Start the extraction service.

sh extract-endpoints.sh stat|restart|stop
sh check-endpoint.sh stat|restart|stop

Run the following command to perform full check:

curl -X 'POST' 'http://localhost:9000/start/check?checkMode=FULL' -H 'accept: */*' -d ''

Clear the full check environment.

curl -X 'POST' 'http://localhost:9000/stop/clean/check' -H 'accept: */*' -d ''

Start incremental check by modifying the configuration file on the source end.

debezium-enable: true
Configure other debezium-related configurations and start the service to enable the incremental check service.

Binary Installation

Download the package from the following link, decompress the package, configure related configuration files, and run the shell script to start the service: For details about the configuration information and operation procedure, see the source code installation part.

https://opengauss.obs.cn-south-1.myhuaweicloud.com/3.1.1/tools/openGauss-datachecker-performance-3.1.0.tar.gz
tar -zxvf openGauss-datachecker-performance-3.1.0.tar.gz

The decompression directory contains:

datachecker-check-0.0.1.jar: The check service JAR file.
datachecker-extract-0.0.1.jar: The extract service JAR file.
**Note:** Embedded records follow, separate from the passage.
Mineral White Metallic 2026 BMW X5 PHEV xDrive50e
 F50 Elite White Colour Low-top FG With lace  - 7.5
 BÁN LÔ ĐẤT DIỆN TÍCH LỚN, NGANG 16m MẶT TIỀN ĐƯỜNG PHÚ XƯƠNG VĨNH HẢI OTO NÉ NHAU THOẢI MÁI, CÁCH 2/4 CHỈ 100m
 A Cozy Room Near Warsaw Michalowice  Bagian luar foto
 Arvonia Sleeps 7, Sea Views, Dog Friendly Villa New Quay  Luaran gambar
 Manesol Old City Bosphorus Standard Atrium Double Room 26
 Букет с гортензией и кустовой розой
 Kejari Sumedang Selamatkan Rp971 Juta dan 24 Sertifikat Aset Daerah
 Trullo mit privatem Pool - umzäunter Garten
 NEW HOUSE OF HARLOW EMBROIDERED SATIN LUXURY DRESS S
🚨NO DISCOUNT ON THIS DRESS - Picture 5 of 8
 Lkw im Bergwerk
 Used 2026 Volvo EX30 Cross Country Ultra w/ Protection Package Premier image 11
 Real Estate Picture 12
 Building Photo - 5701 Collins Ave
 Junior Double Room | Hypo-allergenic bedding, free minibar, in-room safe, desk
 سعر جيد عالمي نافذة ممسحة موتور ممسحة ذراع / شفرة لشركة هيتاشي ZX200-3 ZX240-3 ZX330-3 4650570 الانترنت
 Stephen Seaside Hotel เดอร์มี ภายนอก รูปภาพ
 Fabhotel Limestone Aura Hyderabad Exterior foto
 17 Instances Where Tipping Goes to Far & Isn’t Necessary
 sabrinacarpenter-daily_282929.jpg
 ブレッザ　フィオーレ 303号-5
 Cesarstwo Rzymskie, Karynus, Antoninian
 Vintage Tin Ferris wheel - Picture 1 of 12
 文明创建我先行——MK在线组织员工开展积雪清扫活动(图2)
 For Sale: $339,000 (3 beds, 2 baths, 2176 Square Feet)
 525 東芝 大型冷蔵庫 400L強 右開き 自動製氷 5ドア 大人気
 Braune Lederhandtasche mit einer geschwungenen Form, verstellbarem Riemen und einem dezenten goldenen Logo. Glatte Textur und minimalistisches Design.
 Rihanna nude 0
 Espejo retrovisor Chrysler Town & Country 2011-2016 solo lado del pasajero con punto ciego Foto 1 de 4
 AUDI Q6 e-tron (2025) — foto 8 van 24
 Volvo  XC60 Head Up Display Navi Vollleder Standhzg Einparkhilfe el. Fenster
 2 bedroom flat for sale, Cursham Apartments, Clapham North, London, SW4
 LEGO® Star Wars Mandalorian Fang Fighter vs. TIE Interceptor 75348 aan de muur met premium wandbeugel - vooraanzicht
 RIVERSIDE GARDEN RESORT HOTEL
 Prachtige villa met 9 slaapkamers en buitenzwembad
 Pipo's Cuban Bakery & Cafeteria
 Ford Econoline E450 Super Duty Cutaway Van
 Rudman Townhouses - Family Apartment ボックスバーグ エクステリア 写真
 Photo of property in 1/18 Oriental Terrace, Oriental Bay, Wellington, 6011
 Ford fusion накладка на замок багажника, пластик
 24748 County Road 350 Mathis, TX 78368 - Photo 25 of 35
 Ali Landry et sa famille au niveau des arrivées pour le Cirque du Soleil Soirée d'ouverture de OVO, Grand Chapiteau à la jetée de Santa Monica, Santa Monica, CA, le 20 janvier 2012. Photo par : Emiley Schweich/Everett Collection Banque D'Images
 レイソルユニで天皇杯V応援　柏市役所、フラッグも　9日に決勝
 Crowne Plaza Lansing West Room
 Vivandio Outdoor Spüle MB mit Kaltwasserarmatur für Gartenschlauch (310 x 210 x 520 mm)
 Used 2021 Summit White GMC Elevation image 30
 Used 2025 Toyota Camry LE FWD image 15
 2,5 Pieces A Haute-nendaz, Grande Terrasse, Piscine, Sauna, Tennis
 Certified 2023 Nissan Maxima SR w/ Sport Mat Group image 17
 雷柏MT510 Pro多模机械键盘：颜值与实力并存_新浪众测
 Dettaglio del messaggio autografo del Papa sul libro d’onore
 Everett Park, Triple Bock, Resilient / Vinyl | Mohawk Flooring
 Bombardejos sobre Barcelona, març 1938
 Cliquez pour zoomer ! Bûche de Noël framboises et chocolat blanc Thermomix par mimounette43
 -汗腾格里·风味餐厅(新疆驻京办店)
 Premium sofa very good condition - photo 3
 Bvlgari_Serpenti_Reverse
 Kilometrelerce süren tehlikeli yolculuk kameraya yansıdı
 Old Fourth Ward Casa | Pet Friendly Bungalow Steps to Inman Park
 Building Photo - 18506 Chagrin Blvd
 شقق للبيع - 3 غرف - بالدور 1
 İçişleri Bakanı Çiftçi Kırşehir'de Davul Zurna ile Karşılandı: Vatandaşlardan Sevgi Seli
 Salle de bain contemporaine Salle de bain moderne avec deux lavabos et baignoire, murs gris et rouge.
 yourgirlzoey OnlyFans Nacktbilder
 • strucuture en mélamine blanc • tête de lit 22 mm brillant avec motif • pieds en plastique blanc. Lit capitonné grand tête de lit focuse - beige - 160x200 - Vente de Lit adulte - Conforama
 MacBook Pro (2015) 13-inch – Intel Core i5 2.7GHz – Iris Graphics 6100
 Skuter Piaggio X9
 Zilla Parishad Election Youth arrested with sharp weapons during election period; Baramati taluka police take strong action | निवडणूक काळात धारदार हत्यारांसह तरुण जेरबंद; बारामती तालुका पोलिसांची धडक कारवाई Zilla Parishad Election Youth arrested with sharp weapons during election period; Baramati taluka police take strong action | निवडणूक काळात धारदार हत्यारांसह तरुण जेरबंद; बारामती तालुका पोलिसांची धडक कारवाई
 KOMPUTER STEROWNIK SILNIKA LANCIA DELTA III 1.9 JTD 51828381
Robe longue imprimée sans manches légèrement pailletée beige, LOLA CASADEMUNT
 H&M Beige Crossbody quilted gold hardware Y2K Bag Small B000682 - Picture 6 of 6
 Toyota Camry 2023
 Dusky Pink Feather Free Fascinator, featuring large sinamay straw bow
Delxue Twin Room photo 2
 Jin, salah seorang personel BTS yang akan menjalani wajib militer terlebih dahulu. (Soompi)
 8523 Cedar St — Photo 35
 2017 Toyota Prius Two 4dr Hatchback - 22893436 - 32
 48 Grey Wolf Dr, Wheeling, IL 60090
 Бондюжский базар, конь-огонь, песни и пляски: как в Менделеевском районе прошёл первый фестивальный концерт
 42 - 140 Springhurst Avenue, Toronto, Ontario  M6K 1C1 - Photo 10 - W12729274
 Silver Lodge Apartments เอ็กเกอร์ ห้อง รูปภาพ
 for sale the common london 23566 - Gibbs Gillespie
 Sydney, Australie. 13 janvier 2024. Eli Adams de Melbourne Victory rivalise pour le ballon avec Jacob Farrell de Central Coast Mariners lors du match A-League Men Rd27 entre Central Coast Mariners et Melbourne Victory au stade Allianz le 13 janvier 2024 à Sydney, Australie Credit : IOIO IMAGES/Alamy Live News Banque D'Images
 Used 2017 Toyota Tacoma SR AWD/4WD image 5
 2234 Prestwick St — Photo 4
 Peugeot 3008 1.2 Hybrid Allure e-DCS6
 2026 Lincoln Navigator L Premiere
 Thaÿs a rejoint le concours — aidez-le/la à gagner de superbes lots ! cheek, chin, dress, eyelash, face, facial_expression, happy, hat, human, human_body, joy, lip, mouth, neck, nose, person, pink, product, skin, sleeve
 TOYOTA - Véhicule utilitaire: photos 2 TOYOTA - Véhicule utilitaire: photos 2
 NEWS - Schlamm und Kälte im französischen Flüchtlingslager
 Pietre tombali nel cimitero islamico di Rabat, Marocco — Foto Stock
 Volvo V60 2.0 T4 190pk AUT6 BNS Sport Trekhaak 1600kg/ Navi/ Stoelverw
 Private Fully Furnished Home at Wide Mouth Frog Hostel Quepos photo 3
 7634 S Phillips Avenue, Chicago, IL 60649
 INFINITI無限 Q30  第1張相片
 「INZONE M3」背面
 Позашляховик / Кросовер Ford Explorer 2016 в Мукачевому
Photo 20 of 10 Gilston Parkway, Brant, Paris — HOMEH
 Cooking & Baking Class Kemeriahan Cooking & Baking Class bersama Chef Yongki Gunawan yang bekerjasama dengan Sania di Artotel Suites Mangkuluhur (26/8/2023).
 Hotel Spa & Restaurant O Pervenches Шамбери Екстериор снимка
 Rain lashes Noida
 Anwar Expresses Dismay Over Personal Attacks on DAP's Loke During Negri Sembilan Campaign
The config directory contains:

application.yml: Configuration file of the check end
application-source.yml: Configuration file of the source end
application-sink.yml: Configuration file of the target end
check-endpoint.sh: Script for starting the check service
extract-endpoints.sh: Script for starting the data extract service on the source and target ends

Uninstallation

Delete the corresponding JAR package and related configuration files.

Precautions

The JDK version must be 11+.
The current version supports data check only between the source MySQL database and the target openGauss database.
The current version supports only data check and does not support table object check.
The current version does not support geographical location data check.
MySQL 5.7 or later is required.